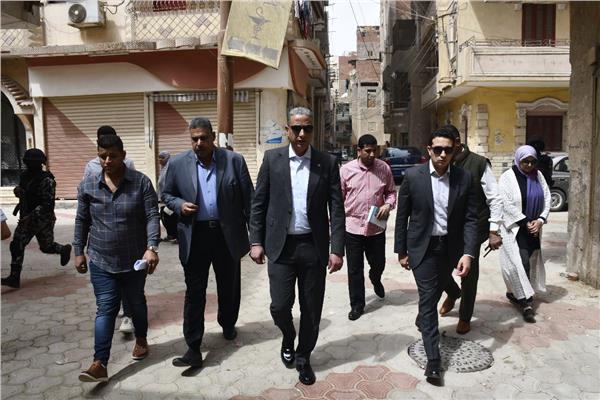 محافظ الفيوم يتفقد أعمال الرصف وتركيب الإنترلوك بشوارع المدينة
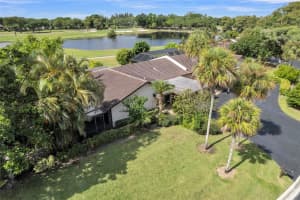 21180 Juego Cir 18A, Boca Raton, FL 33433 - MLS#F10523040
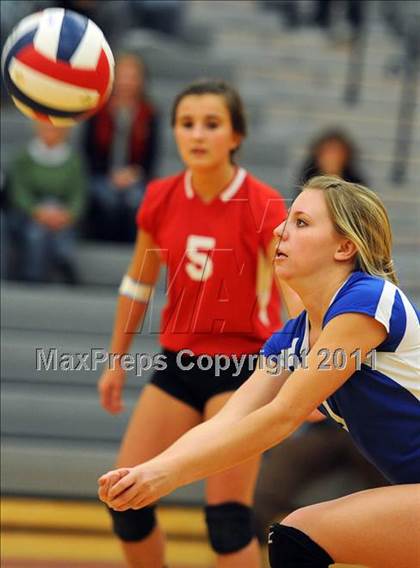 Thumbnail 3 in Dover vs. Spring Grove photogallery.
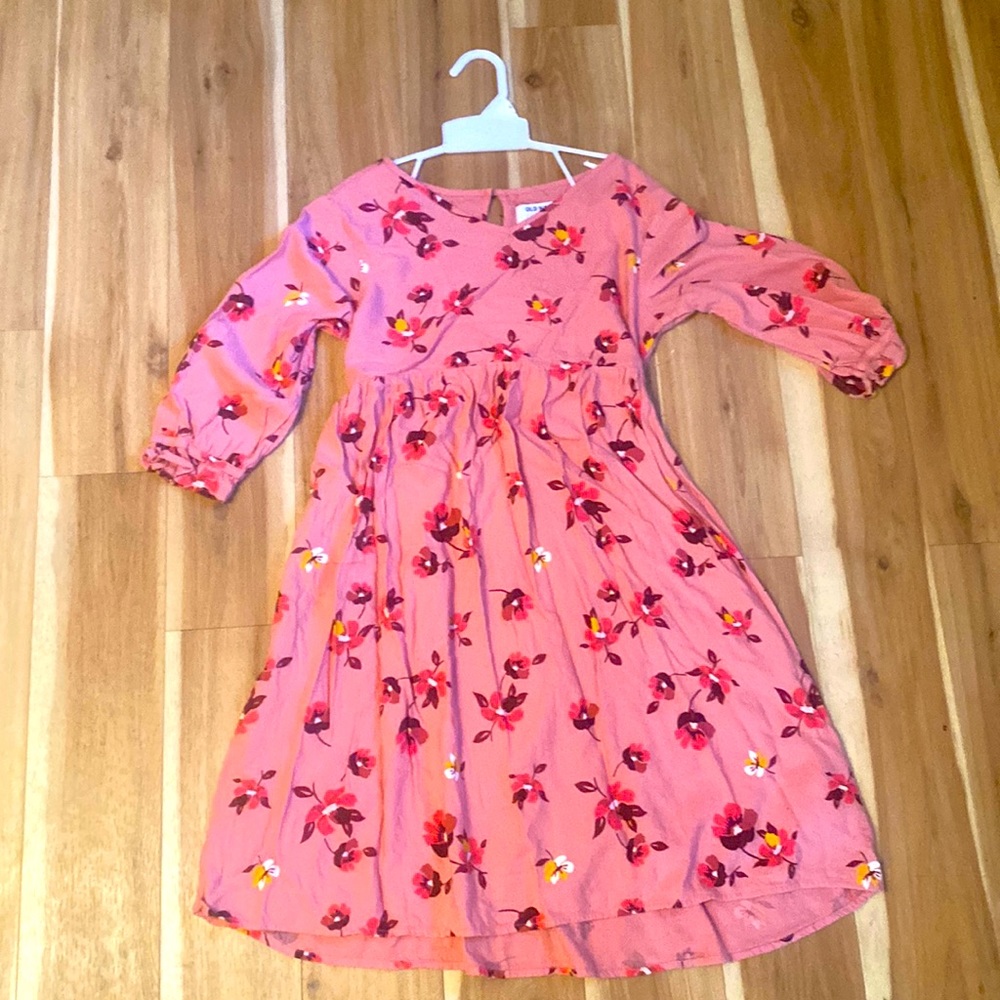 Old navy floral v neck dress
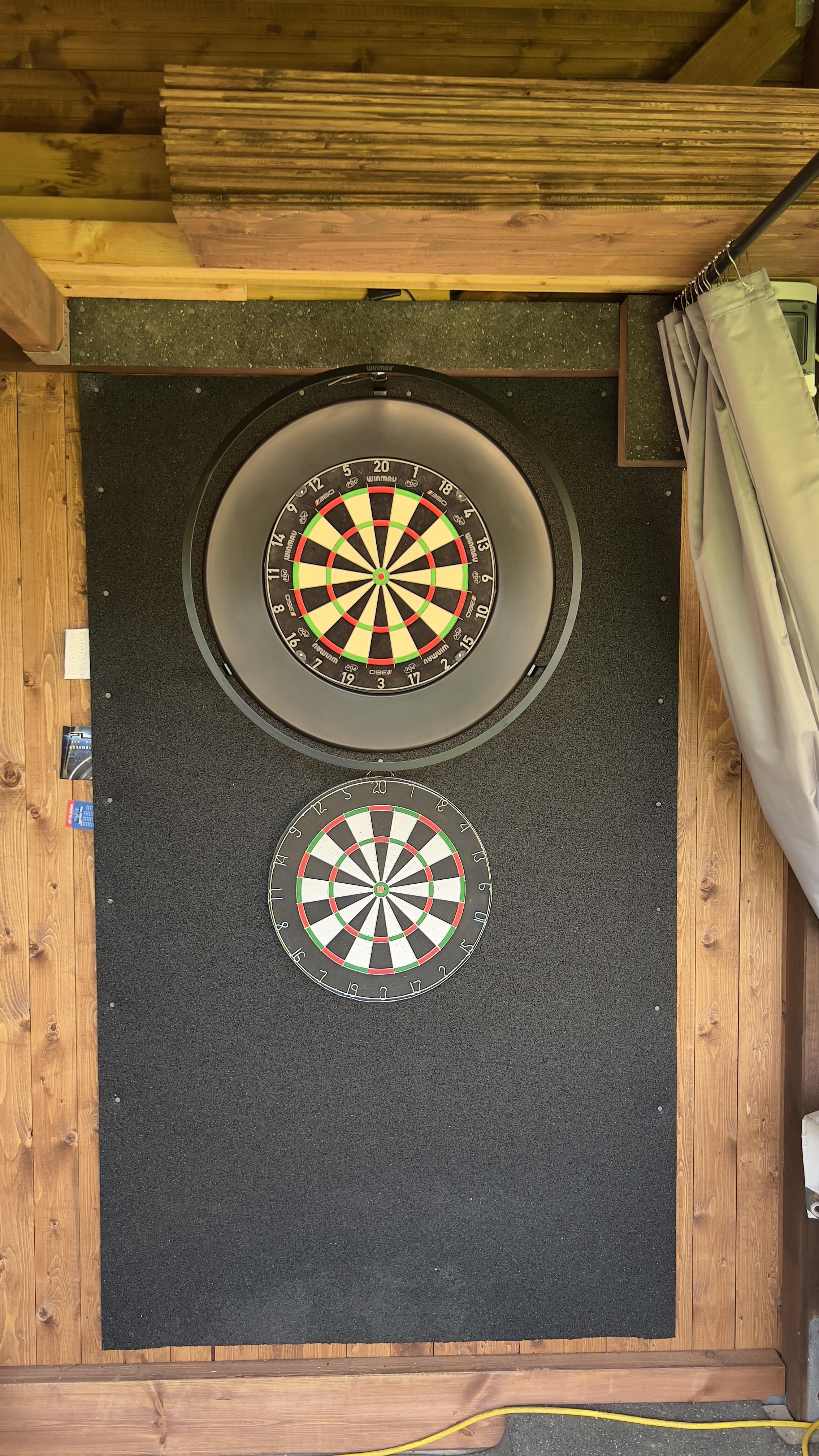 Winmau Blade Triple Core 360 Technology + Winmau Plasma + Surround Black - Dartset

======

**ABOUT THIS TASK**
Everything from the line with "21180 Juego Cir" through the end of the records above, both ends included, is to be reproduced exactly, and nothing outside that span; the pictures are to be dropped.

**RESPONSE BELOW**
 21180 Juego Cir 18A, Boca Raton, FL 33433 - MLS#F10523040
 Thumbnail 3 in Dover vs. Spring Grove photogallery.
 Old navy floral v neck dress
 Winmau Blade Triple Core 360 Technology + Winmau Plasma + Surround Black - Dartset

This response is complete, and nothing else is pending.